Questions: Effective Field Theory

4 questions to test your understanding

Score: 0 / 4
Question 1 Multiple Choice

Fermi's theory of weak interactions describes beta decay using a four-fermion interaction G_F (psi-bar psi)(psi-bar psi), with Fermi constant G_F ~ 10^{-5} GeV^{-2}. This is an effective field theory. What is the 'UV completion' that Fermi's theory approximates?

AQED with virtual photon exchange
BThe electroweak theory with W boson exchange — at energies much below M_W ~ 80 GeV, the W propagator 1/(q^2 - M_W^2) reduces to -1/M_W^2, collapsing the exchange to a point-like four-fermion vertex with G_F ~ g^2/M_W^2
CQCD with gluon exchange
DString theory
Question 2 Multiple Choice

In EFT, higher-dimension operators are suppressed by powers of 1/Lambda (where Lambda is the high-energy scale).
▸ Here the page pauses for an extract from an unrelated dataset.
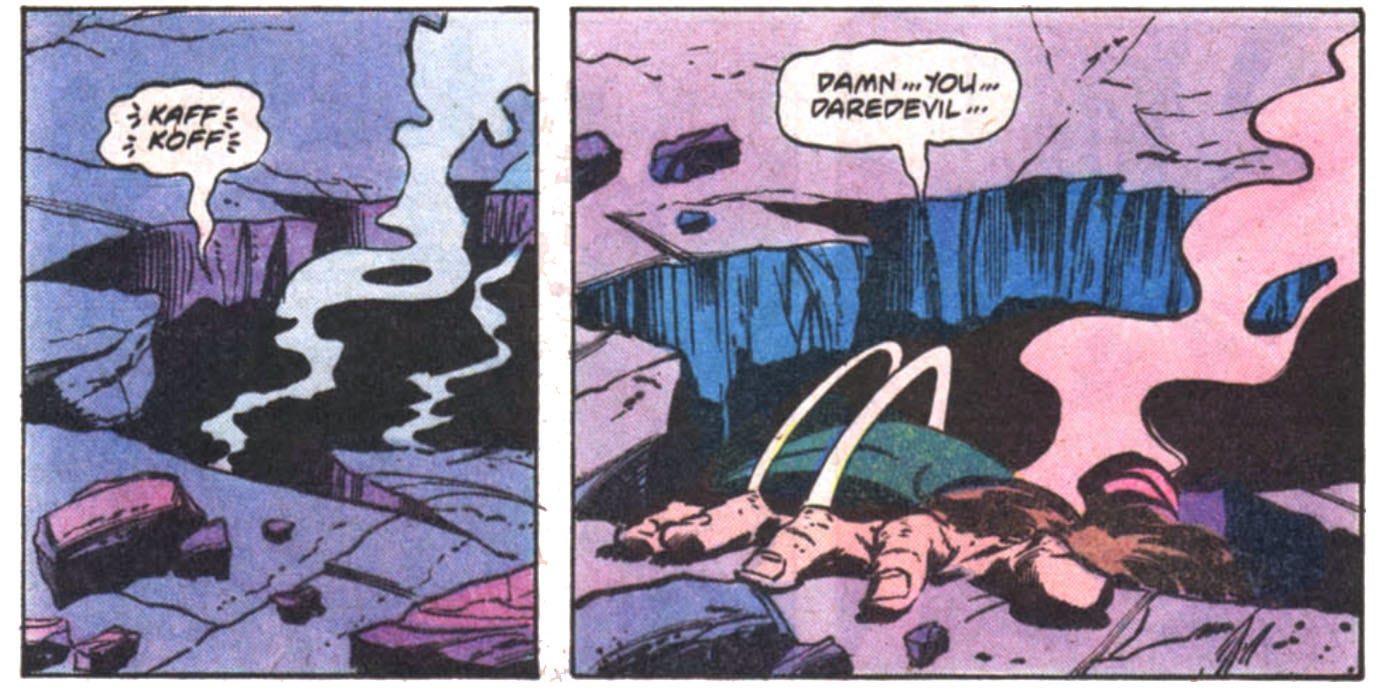 Two panels from this issue showing Hyde struggling to crawl out of a hole in the ground saying damn you Daredevil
A dimension-6 operator is suppressed by 1/Lambda^2 relative to a dimension-4 operator. Why does this make EFT a systematic expansion?

ABecause Lambda is always infinite
BBecause at energies E << Lambda, the ratio (E/Lambda)^n decreases rapidly with n — dimension-6 operators contribute corrections of order (E/Lambda)^2, dimension-8 operators of order (E/Lambda)^4, and so on, giving a controlled perturbative expansion in powers of E/Lambda
CBecause higher-dimension operators are always zero
DBecause the EFT Lagrangian contains only finitely many operators
Question 3 True / False

The Standard Model itself is now widely regarded as an effective field theory valid up to some unknown scale Lambda. This is not a failure but a feature.

TTrue
FFalse
Question 4 Short Answer

Explain why non-renormalizable theories are not 'sick' but are perfectly well-defined effective field theories, and what changes about their predictive power compared to renormalizable theories.